An SEO professional was curious about location based SEO, and how Google Search performs searches.
They have a client that operates in only a handful of states. Right now, when you go to their home page, the state that they are headquartered in, it’s mentioned loud and clear.
Basically, you know they are in that particular state.
However, the client now thinks that perhaps visitors from other states will feel left out when they come to the home page.
To rectify this, their conversion team had an idea to create localized landing pages.
However, they want to automatically redirect the user from that home page to the specific state page using dynamic Geo IP redirection.
The state pages are the same homepage, just with that specific state, to better show their ideas. The SEO pro was curious about the SEO implications of following this kind of process.
John explained that there are several things to keep in mind here. On one hand, for Google search, they will generally crawl from their servers that are mapped back to California.
What that would mean is that the content they can look at would be content that’s more specific to California.
They would not have access to any content from the other states.
Depending on the kind of content you have for other states, it might be okay. But, it could also be problematic.
He also believes that Geo IP redirects, or dynamically swapping out the localized content, is something that throws people off in terms of how it will look like where it is from.
If you index the individual state landing pages, then the state landing page that someone from California would go to would also be noindexed, which would mean that your homepage will drop out of the search results.
This would be a bad thing.
John’s general recommendation for these types of situations is: instead of redirecting automatically to a specific location, you want to make it so the user can find that content easier.

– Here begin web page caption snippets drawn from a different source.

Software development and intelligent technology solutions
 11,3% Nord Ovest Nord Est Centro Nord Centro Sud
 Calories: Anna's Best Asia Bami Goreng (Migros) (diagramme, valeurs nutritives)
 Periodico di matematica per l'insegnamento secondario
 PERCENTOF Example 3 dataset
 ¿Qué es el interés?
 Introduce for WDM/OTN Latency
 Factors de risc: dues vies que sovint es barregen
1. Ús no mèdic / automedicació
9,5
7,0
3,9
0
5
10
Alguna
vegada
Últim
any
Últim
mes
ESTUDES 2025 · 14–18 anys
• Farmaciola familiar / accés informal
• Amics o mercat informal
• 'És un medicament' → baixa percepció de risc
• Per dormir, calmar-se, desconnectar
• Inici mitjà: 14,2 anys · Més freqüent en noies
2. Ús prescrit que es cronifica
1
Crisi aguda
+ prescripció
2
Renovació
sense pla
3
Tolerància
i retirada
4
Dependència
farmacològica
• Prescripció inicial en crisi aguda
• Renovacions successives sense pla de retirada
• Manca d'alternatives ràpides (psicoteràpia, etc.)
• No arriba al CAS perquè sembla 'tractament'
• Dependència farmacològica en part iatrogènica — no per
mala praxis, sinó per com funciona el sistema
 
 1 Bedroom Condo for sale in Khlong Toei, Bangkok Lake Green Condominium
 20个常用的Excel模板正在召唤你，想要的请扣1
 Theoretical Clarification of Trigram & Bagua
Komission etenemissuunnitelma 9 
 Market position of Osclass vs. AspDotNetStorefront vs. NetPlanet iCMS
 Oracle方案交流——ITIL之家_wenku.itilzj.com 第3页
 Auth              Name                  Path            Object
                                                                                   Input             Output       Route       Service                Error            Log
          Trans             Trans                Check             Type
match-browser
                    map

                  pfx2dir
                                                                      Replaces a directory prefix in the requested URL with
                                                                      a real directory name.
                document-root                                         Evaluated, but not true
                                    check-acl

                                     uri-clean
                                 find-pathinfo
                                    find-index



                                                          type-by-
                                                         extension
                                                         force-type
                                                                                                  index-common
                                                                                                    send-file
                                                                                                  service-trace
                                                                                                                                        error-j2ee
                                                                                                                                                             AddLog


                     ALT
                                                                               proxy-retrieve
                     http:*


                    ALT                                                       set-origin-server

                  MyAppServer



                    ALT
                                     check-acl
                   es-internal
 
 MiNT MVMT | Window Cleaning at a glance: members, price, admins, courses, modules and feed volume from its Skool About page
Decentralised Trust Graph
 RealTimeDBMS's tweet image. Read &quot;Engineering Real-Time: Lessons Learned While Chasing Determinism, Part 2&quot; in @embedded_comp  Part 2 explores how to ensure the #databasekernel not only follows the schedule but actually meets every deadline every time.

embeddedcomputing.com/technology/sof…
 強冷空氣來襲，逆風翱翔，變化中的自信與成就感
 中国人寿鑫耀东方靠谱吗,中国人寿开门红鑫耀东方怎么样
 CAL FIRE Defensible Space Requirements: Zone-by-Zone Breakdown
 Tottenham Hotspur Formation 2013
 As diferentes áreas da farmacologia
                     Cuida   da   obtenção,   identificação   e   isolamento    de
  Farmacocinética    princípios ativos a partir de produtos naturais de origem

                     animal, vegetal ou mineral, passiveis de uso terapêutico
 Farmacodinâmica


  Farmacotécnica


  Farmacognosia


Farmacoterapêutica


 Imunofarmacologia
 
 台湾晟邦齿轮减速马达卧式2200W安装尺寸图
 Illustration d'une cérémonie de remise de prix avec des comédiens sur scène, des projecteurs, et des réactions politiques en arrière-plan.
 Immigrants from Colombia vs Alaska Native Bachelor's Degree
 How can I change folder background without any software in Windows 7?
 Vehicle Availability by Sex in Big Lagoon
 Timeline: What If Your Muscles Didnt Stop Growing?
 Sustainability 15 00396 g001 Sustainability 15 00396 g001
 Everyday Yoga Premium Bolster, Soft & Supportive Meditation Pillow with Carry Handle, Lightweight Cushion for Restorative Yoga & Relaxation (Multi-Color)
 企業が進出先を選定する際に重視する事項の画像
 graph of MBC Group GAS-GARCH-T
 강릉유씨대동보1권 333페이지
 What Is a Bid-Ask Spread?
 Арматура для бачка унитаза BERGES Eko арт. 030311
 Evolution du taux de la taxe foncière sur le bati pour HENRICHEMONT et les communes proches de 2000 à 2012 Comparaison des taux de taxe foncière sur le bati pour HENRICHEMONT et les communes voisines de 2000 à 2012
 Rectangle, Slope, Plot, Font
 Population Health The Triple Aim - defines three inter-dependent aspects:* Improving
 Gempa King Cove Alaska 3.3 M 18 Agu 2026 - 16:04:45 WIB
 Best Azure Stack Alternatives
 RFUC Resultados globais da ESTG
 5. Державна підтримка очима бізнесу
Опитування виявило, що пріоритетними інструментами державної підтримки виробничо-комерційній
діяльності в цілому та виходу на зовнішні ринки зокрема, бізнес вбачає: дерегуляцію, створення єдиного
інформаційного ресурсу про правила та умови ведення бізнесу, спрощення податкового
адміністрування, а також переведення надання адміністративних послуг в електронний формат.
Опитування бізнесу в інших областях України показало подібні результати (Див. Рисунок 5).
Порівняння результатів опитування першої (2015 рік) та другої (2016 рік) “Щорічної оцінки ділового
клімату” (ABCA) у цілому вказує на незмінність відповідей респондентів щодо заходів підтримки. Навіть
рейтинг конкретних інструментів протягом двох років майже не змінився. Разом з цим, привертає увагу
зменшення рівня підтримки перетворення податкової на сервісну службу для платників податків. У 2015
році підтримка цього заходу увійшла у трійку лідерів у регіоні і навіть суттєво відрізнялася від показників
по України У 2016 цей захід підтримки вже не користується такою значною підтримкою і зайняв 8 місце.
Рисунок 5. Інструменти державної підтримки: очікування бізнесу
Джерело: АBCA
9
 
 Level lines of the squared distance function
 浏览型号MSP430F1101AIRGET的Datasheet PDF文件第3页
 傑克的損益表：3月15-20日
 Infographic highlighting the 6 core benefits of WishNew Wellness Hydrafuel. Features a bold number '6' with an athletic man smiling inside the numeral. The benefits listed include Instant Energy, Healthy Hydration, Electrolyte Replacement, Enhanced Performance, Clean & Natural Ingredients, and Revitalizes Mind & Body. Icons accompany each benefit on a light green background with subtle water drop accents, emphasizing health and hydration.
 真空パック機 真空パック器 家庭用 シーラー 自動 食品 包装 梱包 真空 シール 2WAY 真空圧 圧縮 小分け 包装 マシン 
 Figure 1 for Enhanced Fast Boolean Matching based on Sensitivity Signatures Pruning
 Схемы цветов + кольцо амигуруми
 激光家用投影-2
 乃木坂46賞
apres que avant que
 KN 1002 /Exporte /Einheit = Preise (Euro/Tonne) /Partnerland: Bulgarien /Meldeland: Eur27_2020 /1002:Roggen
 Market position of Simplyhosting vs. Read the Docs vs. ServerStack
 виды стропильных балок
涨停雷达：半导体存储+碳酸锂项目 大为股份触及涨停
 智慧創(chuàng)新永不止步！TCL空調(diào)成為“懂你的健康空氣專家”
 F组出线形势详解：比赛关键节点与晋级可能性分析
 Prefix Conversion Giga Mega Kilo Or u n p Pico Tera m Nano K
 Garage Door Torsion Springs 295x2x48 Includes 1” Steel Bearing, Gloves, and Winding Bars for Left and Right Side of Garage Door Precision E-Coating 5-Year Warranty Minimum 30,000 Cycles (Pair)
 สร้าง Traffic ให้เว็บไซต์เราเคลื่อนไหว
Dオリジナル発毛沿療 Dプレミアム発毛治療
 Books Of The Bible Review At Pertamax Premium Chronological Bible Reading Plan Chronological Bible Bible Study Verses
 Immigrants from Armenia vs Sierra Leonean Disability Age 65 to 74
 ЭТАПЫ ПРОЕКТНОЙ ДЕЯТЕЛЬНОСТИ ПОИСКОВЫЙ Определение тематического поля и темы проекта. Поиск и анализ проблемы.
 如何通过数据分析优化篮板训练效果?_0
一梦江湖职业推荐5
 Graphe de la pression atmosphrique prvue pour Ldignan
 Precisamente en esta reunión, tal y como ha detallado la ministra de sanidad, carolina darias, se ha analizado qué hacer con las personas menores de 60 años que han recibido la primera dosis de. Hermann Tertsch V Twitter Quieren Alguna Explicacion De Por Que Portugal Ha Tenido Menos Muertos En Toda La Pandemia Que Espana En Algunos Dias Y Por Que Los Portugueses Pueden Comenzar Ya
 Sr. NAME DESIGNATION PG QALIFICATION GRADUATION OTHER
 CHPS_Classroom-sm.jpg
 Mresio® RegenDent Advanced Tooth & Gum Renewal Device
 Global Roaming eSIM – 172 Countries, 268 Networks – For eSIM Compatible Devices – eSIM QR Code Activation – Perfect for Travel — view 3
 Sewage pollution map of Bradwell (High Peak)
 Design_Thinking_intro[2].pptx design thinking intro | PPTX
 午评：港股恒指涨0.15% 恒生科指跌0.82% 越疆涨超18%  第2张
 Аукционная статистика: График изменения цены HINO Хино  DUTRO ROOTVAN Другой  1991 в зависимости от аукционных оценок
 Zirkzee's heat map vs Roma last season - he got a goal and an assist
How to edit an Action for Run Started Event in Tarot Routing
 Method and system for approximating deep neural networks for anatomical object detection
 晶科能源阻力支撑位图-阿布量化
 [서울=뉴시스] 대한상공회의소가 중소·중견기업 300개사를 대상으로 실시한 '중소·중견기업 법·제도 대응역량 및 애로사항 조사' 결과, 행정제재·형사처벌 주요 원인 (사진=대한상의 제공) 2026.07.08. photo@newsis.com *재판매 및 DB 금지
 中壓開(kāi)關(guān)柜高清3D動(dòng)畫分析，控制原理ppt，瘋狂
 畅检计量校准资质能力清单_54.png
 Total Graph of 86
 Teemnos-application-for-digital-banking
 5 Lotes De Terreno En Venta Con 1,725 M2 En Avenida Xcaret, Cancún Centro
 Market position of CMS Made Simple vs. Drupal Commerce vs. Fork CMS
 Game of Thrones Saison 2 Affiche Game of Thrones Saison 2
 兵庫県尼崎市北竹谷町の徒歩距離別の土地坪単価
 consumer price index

Something like a dynamic banner on a page when the user goes to the homepage is a great way to implement this, he says.
When the user goes to the homepage, there could be a dynamic banner on top that recognizes the state you’re visiting from, for example Texas. And the company may have an office in Texas.
There’s then information to click on the link to find out more, etc.
This way, the user has the ability to go to these individual pages.
That way, instead of having separate state landing pages, you would have your general home page, and then the state-specific information dynamically swapped out.
This happens at approximately the 14:17 mark in the video.
John Mueller Hangout Transcript
SEO Professional 4 14:17
Hi, can you hear me? Yes. Great. So I’m in SEO, and I was given this question, and I want to provide the best possible answer. I’ve got a client that operates in only a handful of states.
And right now when you go to the homepage, the the state that they’re headquartered in is, is loud and clear, you know that they’re in that state, but then they feel like it’s leaving the other states out when they come to the page.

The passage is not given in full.